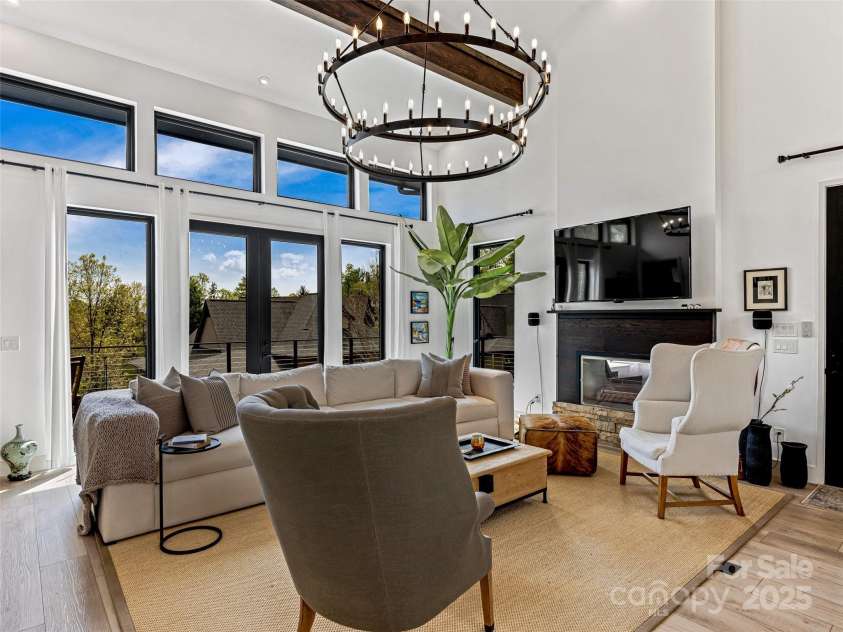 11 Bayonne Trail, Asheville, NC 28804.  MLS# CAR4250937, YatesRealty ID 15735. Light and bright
------------------------
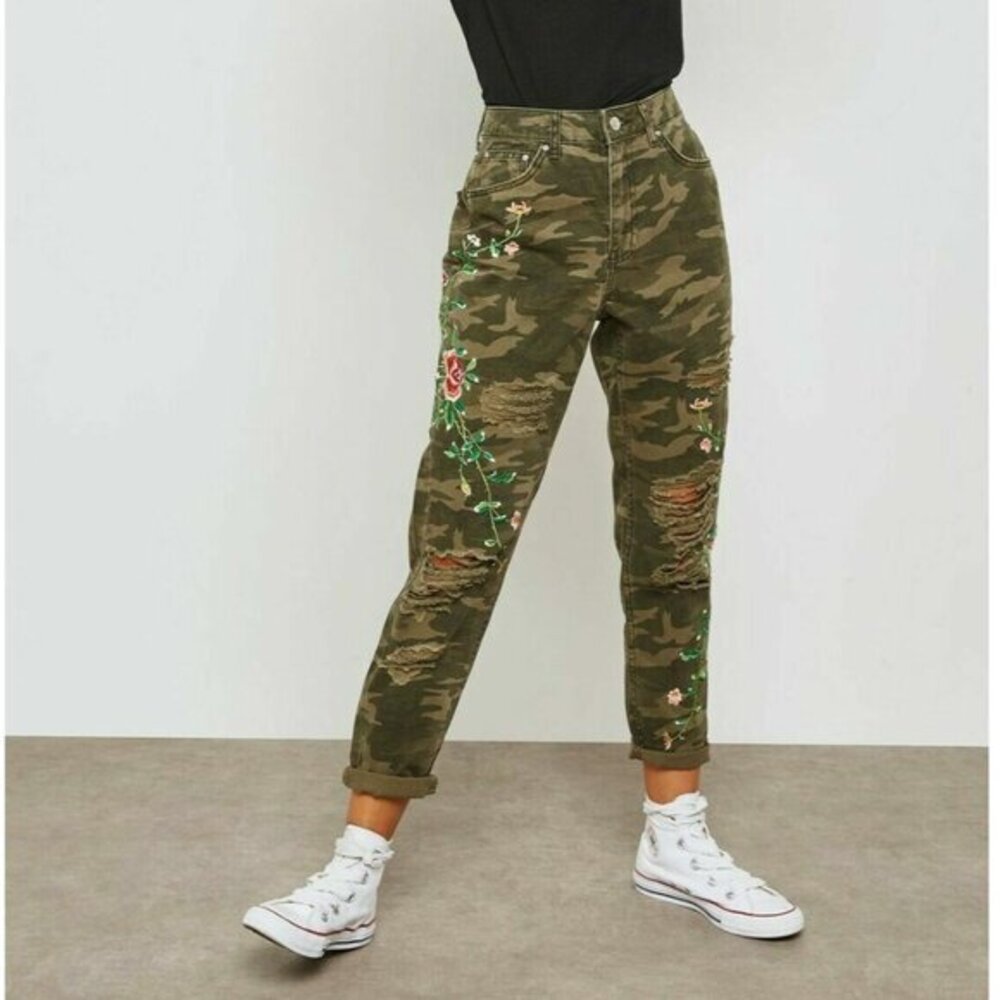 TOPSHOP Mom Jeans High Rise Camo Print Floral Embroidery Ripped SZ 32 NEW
------------------------
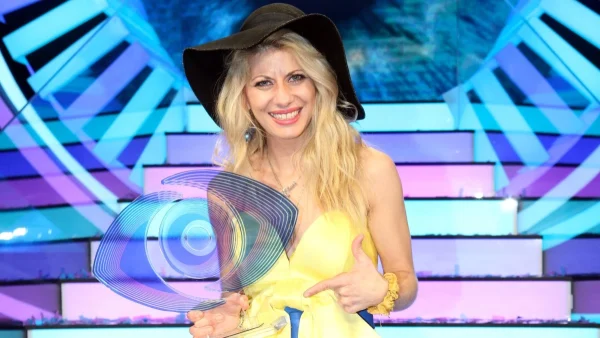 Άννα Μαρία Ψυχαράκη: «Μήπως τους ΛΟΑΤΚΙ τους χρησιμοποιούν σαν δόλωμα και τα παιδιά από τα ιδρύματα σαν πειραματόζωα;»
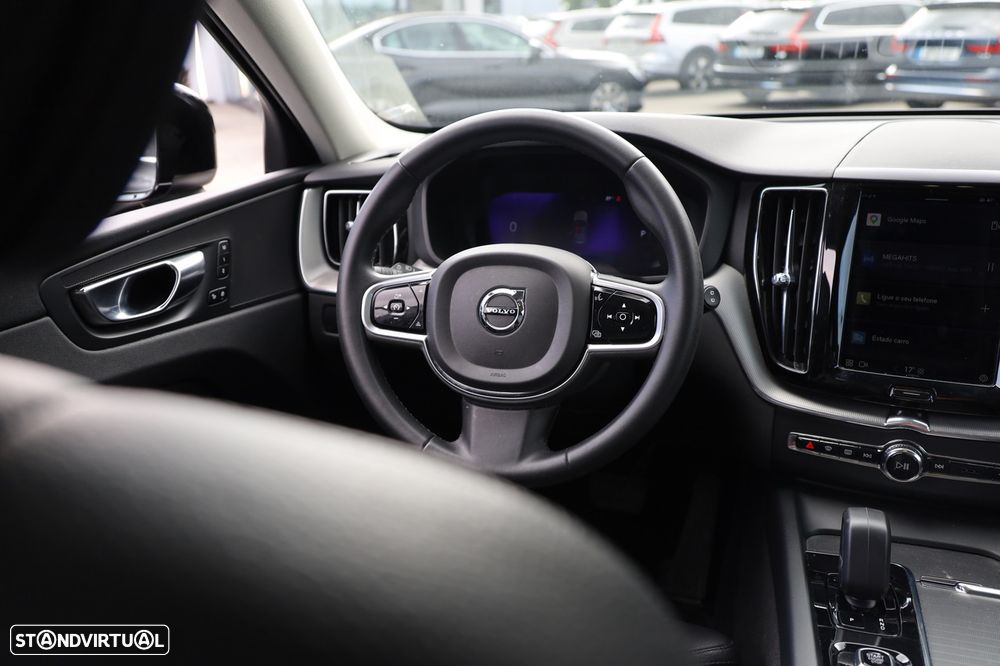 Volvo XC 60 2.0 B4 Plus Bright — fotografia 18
------------------------
The task: Above is the material; set down exactly its lines from the one containing "τους ΛΟΑΤΚΙ τους" down to the one containing "Volvo XC 60", both included, leaving out any pictures.

Solution for this problem:
 Άννα Μαρία Ψυχαράκη: «Μήπως τους ΛΟΑΤΚΙ τους χρησιμοποιούν σαν δόλωμα και τα παιδιά από τα ιδρύματα σαν πειραματόζωα;»
 Volvo XC 60 2.0 B4 Plus Bright — fotografia 18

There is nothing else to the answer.